Posts Tagged ‘opinion’

An editorial: Time passes, and that’s a good thing

September 1, 2011

Today is the first day of September. Almost as much as New Year’s Day, it seems like a time for renewal and rebirth.

Kids are going back to school. The much-anticipated football season is right around the corner. Cooler weather gives us the energy to tackle projects that seemed too daunting during the hot days of summer.

As the leaves start showing their first blush of fall colors, we’re all reminded that time marches on, that the autumn of our lives is just around the corner, that nothing lasts forever. Vacation is over, and it’s time to head back to everyday life with renewed purpose and vigor.

The editorial board here at DavisW’s Blog goes on record today as being very much in favor of the progression of time.

It’s easy for us to forget how critical it is that there be a past, a present and a future. When things are good, we wish that time could stand still. When things are bad, we can’t wait till tomorrow. There’s a natural human tendency to regard the present as all-important, and thus the time we wish it always was.

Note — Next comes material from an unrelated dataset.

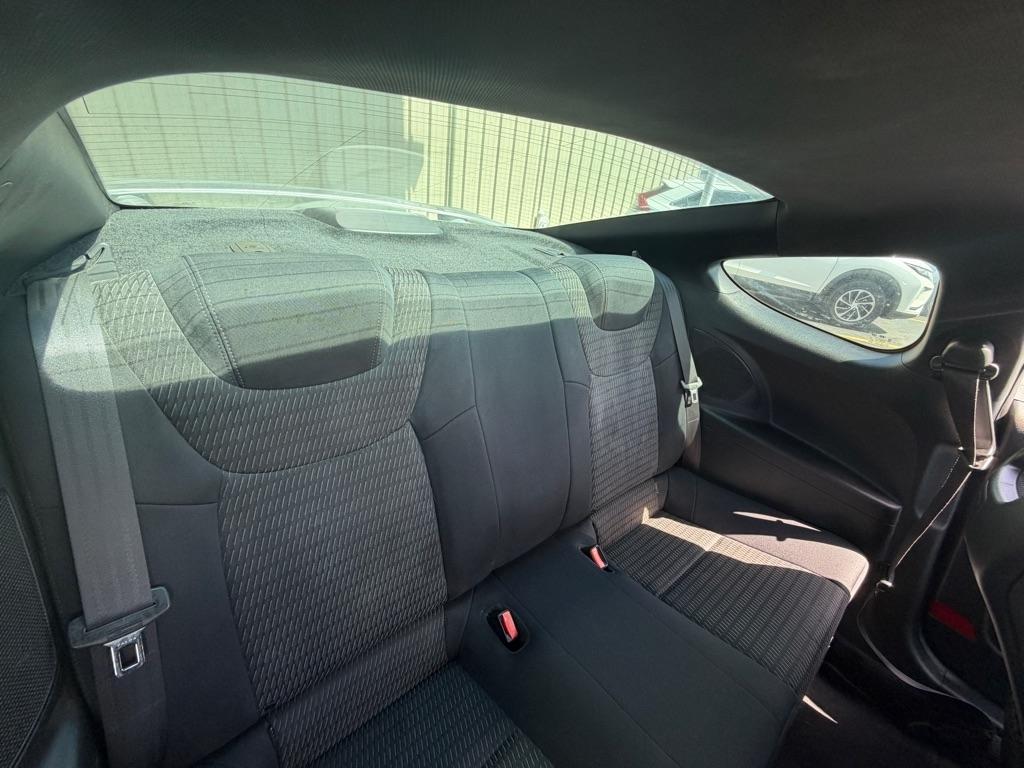 Hyundai Genesis Coupe 3.8 8AT 2015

But think about how awkward life would be if everything happened at the same time. You’d never get anything done. Instead of planning for retirement or for your children’s college education, you’d be wrestling with issues of serfdom, with the injustice of life under an all-powerful Extraterrestrial Overlord, with dinosaurs marauding through your garbage and futuristic robots knocking on your door, trying to sell you siding or new gutters or the benefits of a Mormon lifestyle.

It’s only because time passes gradually that we can put our lives in a logical, sequential order. Think how chaotic it would be for days and months and years to occur randomly. One day, it’s September 1, 2011; the next day it’s March 16, 1584; next, it’s the year 2525 (if Man is still alive).

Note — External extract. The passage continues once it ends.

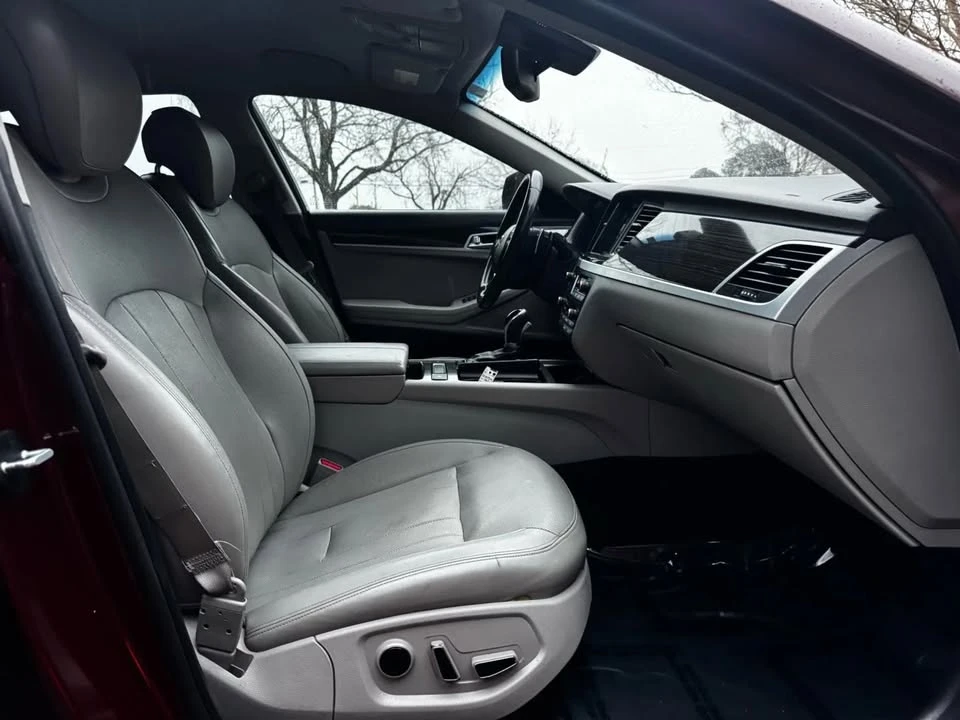 2015 Hyundai Genesis - Image 8 of 13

Whether you think the universe was created in God’s image 6,000 years ago, or at the moment of a Big Bang some 13.7 billion years earlier than that, you’ve got to believe there was a beginning of time. And you’ve got to be glad you weren’t there. Who among us would want to be witnesses to the banishment of Adam and Eve from the Garden of Eden, or the explosion of a primordial atom into a trillion stars? It would be awkward, or it would be loud, or possibly both.

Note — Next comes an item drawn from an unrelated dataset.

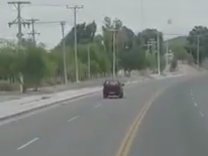 Viralizan imágenes de un conductor zigzagueando y a punto de chocar: dicen que iba ebrio Viralizan imágenes de un conductor zigzagueando y a punto de chocar: dicen que iba ebrio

And who wants to be around for the End Times? Though a few religious zealots might pray for the Rapture, the rest of us would find it awfully hard to schedule, what with Bobby’s soccer practice and Mom’s book club meeting and Dad’s dalliance with the neighbor lady. And, if instead of a Rapture it’s a collision between Earth and a rogue asteroid, how will that be any less convenient?

So let’s welcome the new month with enthusiasm. Let’s be glad that tomorrow will be September 2, and the day after that September 3. Let’s hope that the rest of September proceeds as logically as August did, and that when it comes time in four and a half weeks to flip the calendar page yet again, let’s hope that it’s October.

“Time keeps on slipping … slipping … slipping, into the future,” sang Steve Miller.

“Time passages,” added Al Stewart. “I know you’re in there, you’re just out of sight.”

“Yesterday,” noted the Beatles, “all my troubles seemed so far away. Now it looks as though they’re here to stay. Oh, I believe in yesterday.”

Musicians don’t lie. Let us heed their call, and be thankful that it’s become later than it was when you first began reading this editorial.

Editorial: I’m a bad person

June 16, 2011

Much is currently being made over how wonderful I am.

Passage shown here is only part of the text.